|Posted on October 12, 2012 at 7:05 PM|
Green Party co-leader Dr Russell Norman wants the Reserve Bank of New Zealand to launch quantitative easing to lower the value of the New Zealand Dollar. Dr Norman writes “Since the Global Financial Crisis, our major trading partners have engaged in large scale measures that have devalued their currencies” and that “The UK, USA, Japan and the European Union have deserted traditional monetary policy tools in favour of successive rounds of quantitative easing.”
The maxim that imitation is suicide accurately describes Dr Norman’s cavalier attitude towards currency debasement for he openly advocates the implementation of the very policies that have proved so injurious to the aforementioned economies. If merely printing money was a panacea that could solve a country’s economic problems, then Zimbabwe or Argentina would stand on the pinnacle of economic greatness. Dr Norman wants New Zealand to end its relative prudent monetary policy that has made New Zealand and its currency a sanctuary from the vicissitudes and tumult offshore. His call to weaken the currency means New Zealanders will pay more for imports like petrol. The effects of this inflationary policy will reverberate throughout the economy and produce higher prices for Kiwi consumers and businesses, ultimately imperilling the economy.
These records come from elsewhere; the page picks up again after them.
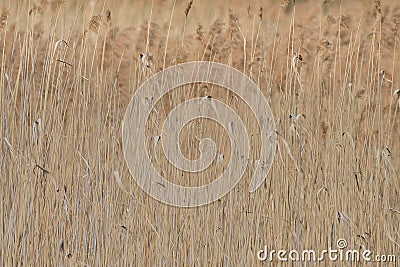 Abstract papura reed background Stock Photo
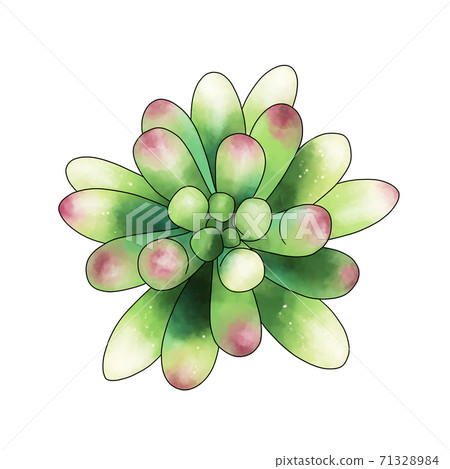 少女心肉質植物 少女心肉質植物 71328984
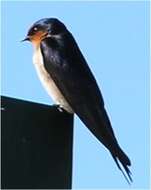 Image of Welcome Swallow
Ultimately, Dr Norman ignores the undeniable reality that the New Zealand Dollar is a fiat currency that is losing its value, albeit at a much slower rate compared to the US Dollar, Euro, Yen, and Pound. Nonetheless, the New Zealand Dollar has lost about 6.3% this year relative to gold. For comparison purposes, the US Dollar has lost 13.5% of its value relative to gold, the Euro 14.4%, the British Pound 9.0%, and the Japanese Yen 14.7% during the same period.
Despite Dr Norman’s thoughtless and inaccurate comments, the New Zealand economy is amongst the least affected by the Global Financial Crisis and is performing comparatively better than its peers in the developed world. Admittedly, part of this is attributable to the strength of our two largest trading partners, Australia and China. However and notwithstanding its imperfections, the current government deserves some of the credit for prioritising a return to surplus and for adopting pro-business policies that embrace the free market.
In any event, quantitative easing ultimately benefits the rich. For example, the Bank of England commissioned a study in which it said that 40% of the gains of its quantitative easing programme went to the top 5% of British households. The reason is simple. The rich own shares, property, and precious metals, whose values rise or remain constant when the central banks flood the world with money conjured out of thin air. Conversely, working people and savers rarely own financial assets whilst simultaneously having their real wages drop during an inflationary period. Dr Norman’s tacit support of even lower interest rates penalises retirees who depend on interest income to live. In essence, Dr Norman wants the Reserve Bank to continue the very imbalances that helped produce the Global Financial Crisis by punishing those prudent enough to save and rewarding the spendthrifts.
Dr Norman and the Greens pretend to show solicitude for poor people, but their policies are disastrous to those on the lower rungs of the socioeconomic ladder. For example, the Greens have been the most vociferous supporters of “smart growth” policies that limit the amount of residential land available for development. The lamentable result is that house prices skyrocket thanks to the Greens’ advocacy of policies that artificially constrain the supply of land. Ultimately, Green policies are partially responsible for house prices remaining unaffordable for many New Zealanders, but this hypocrisy seems not to worry the Greens.
Ultimately, the Greens are simply rebranded Reds masquerading as friends of the environment. Unfortunately, their politics is nothing more than repackaged Bolshevism. In the spirit of the Marxist class struggle, they assail and vilify groups whom they dislike such as dairy farmers or small businesses merely out of envy. The regrettably reality is that most New Zealand dairy farmers and small businesses earn less than what parasitic parliamentarians like Dr Norman earns as an MP whilst actually working for a living. However, New Zealanders can choose not to buy dairy products or goods offered by the businesses Dr Norman reviles whereas taxpayers must pay the taxes that fund Dr Norman’s generous parliamentary salary.
Given that Dr Norman wants “to start a mature discussion”, I am challenging him to debate this issue in a public forum. Most likely, Dr Norman will decline my request because he is more interested in emitting CO2 emissions with the political hot air emanating from his mouth than he is debating topics upon which he knows nothing. Sadly, financial illiterates like Dr Norman prefer to engage in demagoguery and promise the impossible rather than to offer solutions based on reality.